Tras bajar los quince pisos, entró en la armería, que estaba iluminada únicamente por los rayos de sol que se colaban por entre la verja. Cogió munición para el Barret y echó una mirada al exterior. Decenas de zombis vagaban sin rumbo por la calle. Muchos de ellos estaban terriblemente desfigurados o quemados. Otros presentaban zonas carentes de carne que dejaban entrever los huesos. Fuera cual fuera su estado, Manfred tenía claro que eran el ejército del Señor, y que no debían ser ejecutados, ya que le ayudaban en su labor de limpiar la Tierra de impuros. De pronto, percibió un movimiento que le sacó del hilo de sus pensamientos. Algo se había movido en la calle de manera veloz, por lo que no podía ser un no muerto. Se pegó al escaparate y escudriñó la calle, pero no veía gran cosa. Estuvo a punto de dejarlo ir, pero entonces escuchó un disparo. El cristal del escaparate llevaba sin limpiarse dos meses y estaba muy sucio. Se fijó en que no había zombis cerca de la tienda, por lo que decidió arriesgarse y abrir la puerta, de todas formas, la verja estaba bajada. Abrió la puerta con cuidado, sin hacer ruido y lo vio de nuevo. Una pareja corría por la calle refugiándose de sombra en sombra, de coche en coche. Sin perder un segundo, Manfred salió de la tienda rumbo a las escaleras.

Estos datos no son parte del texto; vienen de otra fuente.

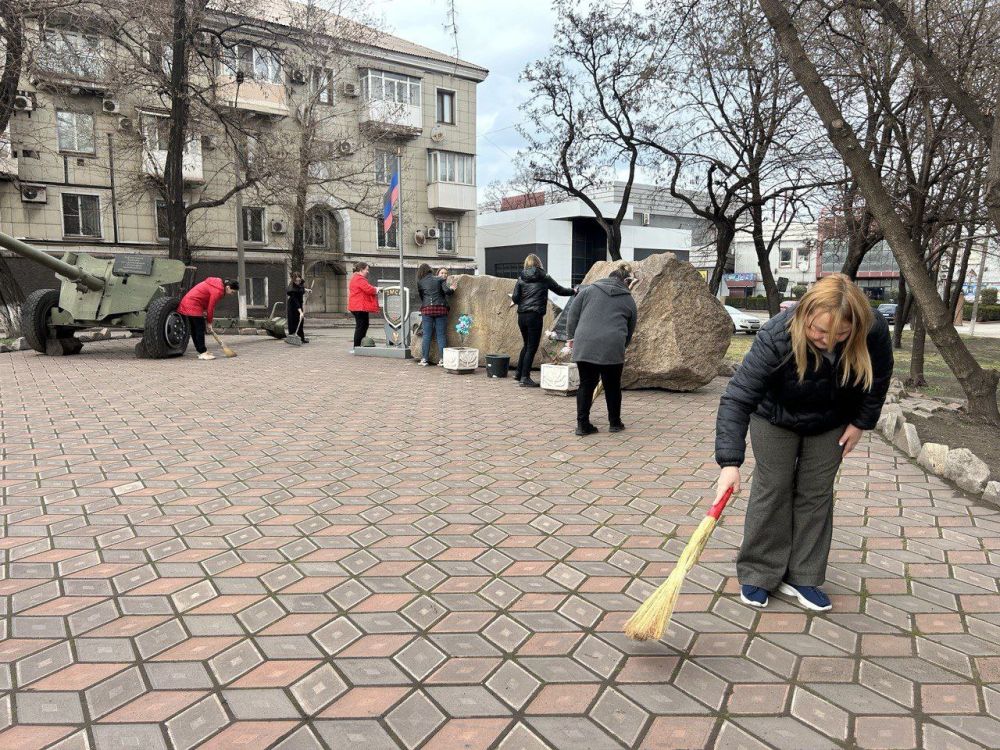 Сотрудники центра занятости и центра детского и юношеского творчества на общегородском субботнике Сотрудники центра занятости и центра детского и юношеского творчества на общегородском субботнике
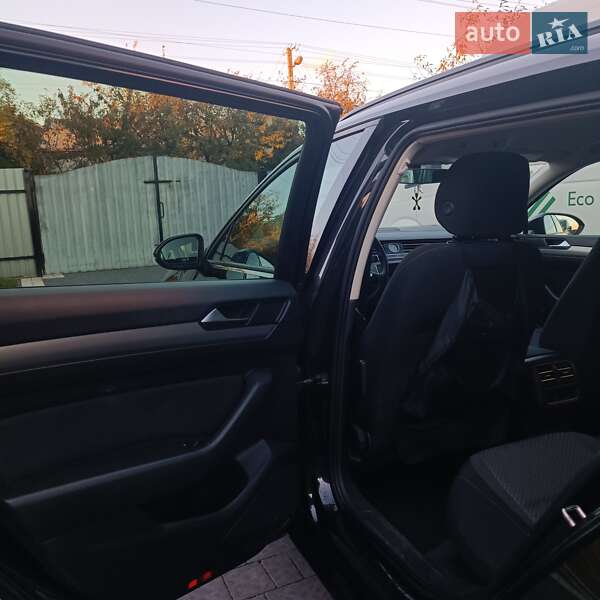 Универсал Volkswagen Passat 2015 в Львове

Tras pasar por su piso para coger el estuche con el rifle Barret, llegó a la azotea sin aliento. Echó una ojeada pero fue en vano, necesitaba de la mira de su rifle; lo montó en menos de dos minutos y oteó la calle. Al principio no observó nada. Sólo podía ver zombis yendo de un lugar a otro y, curiosamente, acercándose a su edificio. No tardó en caer en la cuenta de que había olvidado cerrar la puerta de la tienda. Quedaba la verja, pero no podía arriesgarse a que los zombis la echaran abajo. Cuando iba a levantarse vio algo de nuevo. Había un grupo de zombis muy próximos a su edificio en pleno éxtasis, luchando entre ellos y gritando de excitación mientras dos personas huían de la zona. Manfred decidió quedarse. No podía irse en ese momento. No cuando podía dar caza a dos almas impuras. Dios lo protegería impidiendo que la verja cediese. Se quedaría allí haciendo guardia el tiempo que fuese necesario. Con la ayuda del Señor.